**Exercise**
Emit a verbatim copy of the lines below from the line with "8783 Townsquare Ct, Jacksonville, FL" through the line with "Used 2020 Aston", excluding pictures and everything outside that range.

**Supplied records**
---
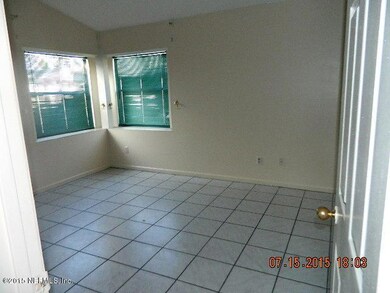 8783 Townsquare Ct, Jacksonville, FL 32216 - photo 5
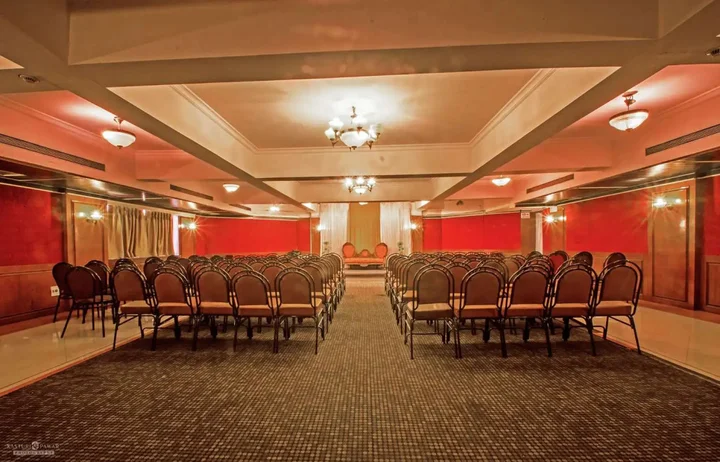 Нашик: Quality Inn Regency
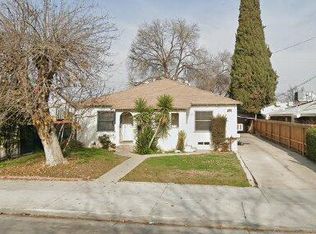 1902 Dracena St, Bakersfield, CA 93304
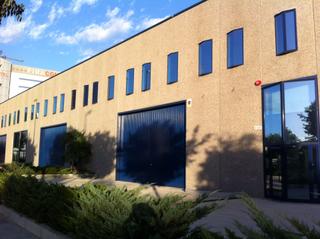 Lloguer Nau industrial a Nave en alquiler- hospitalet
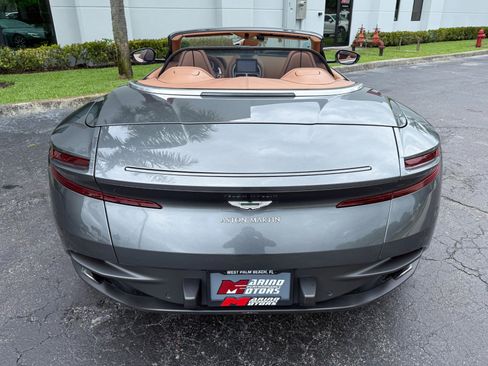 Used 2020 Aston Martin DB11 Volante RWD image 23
---
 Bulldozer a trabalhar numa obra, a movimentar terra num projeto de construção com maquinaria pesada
---
**The completed task**
 8783 Townsquare Ct, Jacksonville, FL 32216 - photo 5
 Нашик: Quality Inn Regency
 1902 Dracena St, Bakersfield, CA 93304
 Lloguer Nau industrial a Nave en alquiler- hospitalet
 Used 2020 Aston Martin DB11 Volante RWD image 23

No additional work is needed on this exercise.